- Born: 21 March 1879 Stroud, England
- Died: 15 June 1965 (aged 86) Sopworth House, 4 Rosecroft Avenue, Hampstead, London, England
- Education: Bristol School of Art Royal College of Art
- Occupation: Sculptor
- Years active: 1907–1948

= Mary Morton =

British sculptor (1880–1965)

Mary Morton (21 March 1879 - 15 June 1965) was a British sculptor.

== Early life and education ==
Morton was born in Stroud, England on 21 March 1879. Her father was George Morton, a surgeon who was born around 1839 in the East Indies. She attended the Bristol School of Art before studying at the modelling school of the Royal College of Art between 1911 and 1913.

== Professional career ==
In 1913 Morton became a member of the Royal West of England Academy. In 1928 she became an Associate of the Royal British Society of Sculptors before becoming a Fellow there in 1948. Her work was part of the sculpture event in the art competition at the 1948 Summer Olympics. She also worked closely with the Associate of the Society of Women Artists and exhibited 105 works with there between 1913 and 1960.

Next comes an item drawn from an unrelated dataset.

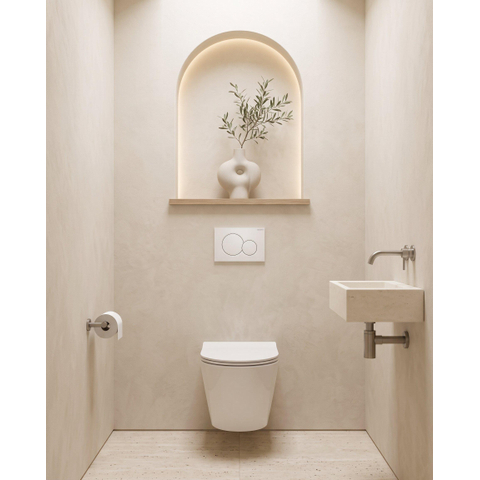 QeramiQ Dely Toiletset - Geberit UP720 inbouwreservoir - slim zitting - bedieningsplaat wit - ronde knoppen - glans wit SW1428850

Her sculpture of Charles Kennedy Scott is held by the Trinity Laban Conservatoire of Music and Dance and her woodcarving, Study of a Nude Girl beneath a Tree Carved with Foliage, is held by the Royal West of England Academy. During World War II she worked as an ARP warden at Princess Beatrice Hospital, Earl's Court, London.

== Death ==
Morton died on 15 June 1965 in Sopworth House, 4 Rosecroft Avenue, Hampstead, London. At the time of her death, her estate was worth £22,900.

==Exhibitions==

- Aberdeen Artists Society, Exhibition of Works of Modern Artists, 1929 and 1931.
- Bristol Academy – 1907, 1913 and 1915.
- City of Manchester Art Gallery – 1927.
- Leeds City Art Gallery – 1910 and 1927.
- Royal Academy of Arts – 1909, 1912–1919, 1921–1922, 1927–1928, 1930–1935 and 1940–1941.
- Royal Glasgow Institute of the Fine Arts, exhibited 12 times between 1923 and 1940.
- Royal Scottish Academy – Exhibited two works in 1914, two works in 1927, one work in 1928, one work in 1929, one work in 1930, one work in 1932, one work in 1934, one work in 1935, one work in 1936, two works in 1937, one work in 1939, one work in 1940, one work in 1941, one work in 1942, one work in 1944, two works in 1946 and one work in 1948.
- Royal West of England Academy – 1916, 1918, 1919, 1920, 1921, 1922, 1923–1924, 1924, 1925–1926, 1926–1927, 1927–1928, 1928–1829 and 1929–1930.